I've been reading today, a density of academic articles, which I have tried to decipher. The language...every genre, discipline has its jargon and we knew of course from the onset, that our creative task would be that of translation, interpretation and interpolation.
What am I trying to insert here? My own subjective experience, I bring to bear my shadowy weight on the research, the process, and the discussion. 
There has been an abiding image that has been floating around in the background since last week and coming into sharp relief as I tried to make sense of the Osteology of the Newton Plantation.
I was invited to the Bristol Old Vic, a Press night of their new production. Knee High's latest production 'The Lovers' based on that painting by Marc Chagall. I'm not digressing really, stay with me here. Anyway here I was in that space, hundreds of theatre goers, and I am the only Black face, well okay there was two of us. Money flows in the Bristol Old Vic's direction, public and private, and part of its history is the money to set up the Old Vic, so I'm told was from the Merchant Venturers.

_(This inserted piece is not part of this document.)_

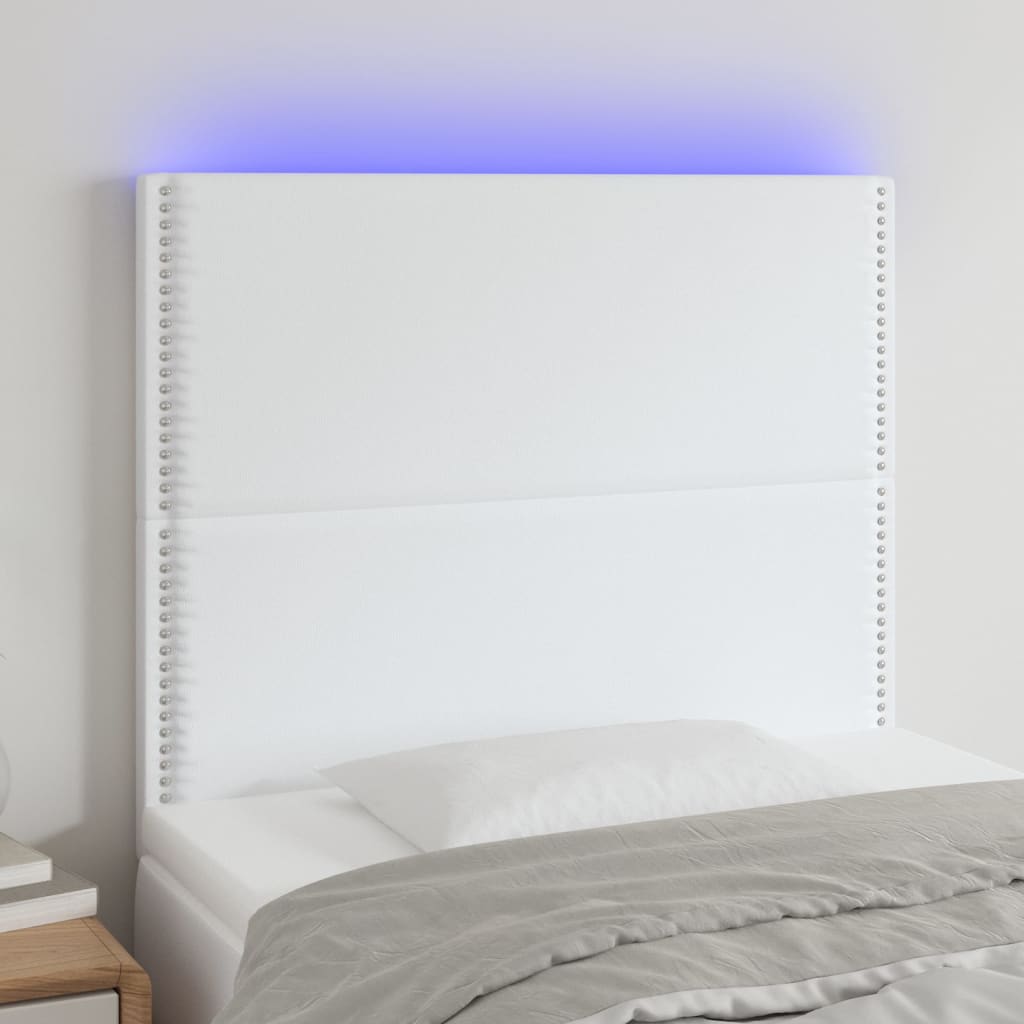 Tăblie de pat cu LED, alb, 80x5x118/128 cm, piele ecologică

Why should it matter that I was in a space that felt like being a Where's Wally picture? 
Because in that moment I saw a blanket of white, a totality of faces, a wall. And I came away feeling deflated, vulnerable, frustrated. This is still here in 2016. 
The past is still here, we are very much in touching distance. I can still be shoulder brushed by a merchant. 

And all for a sweet tooth, that cursed sweet, sweet tooth. I wondered about tooth decay mouldering and mottling in a Clifton drawing room. And I read about arrested growth lines on teeth, in the Osetology of a Plantation. 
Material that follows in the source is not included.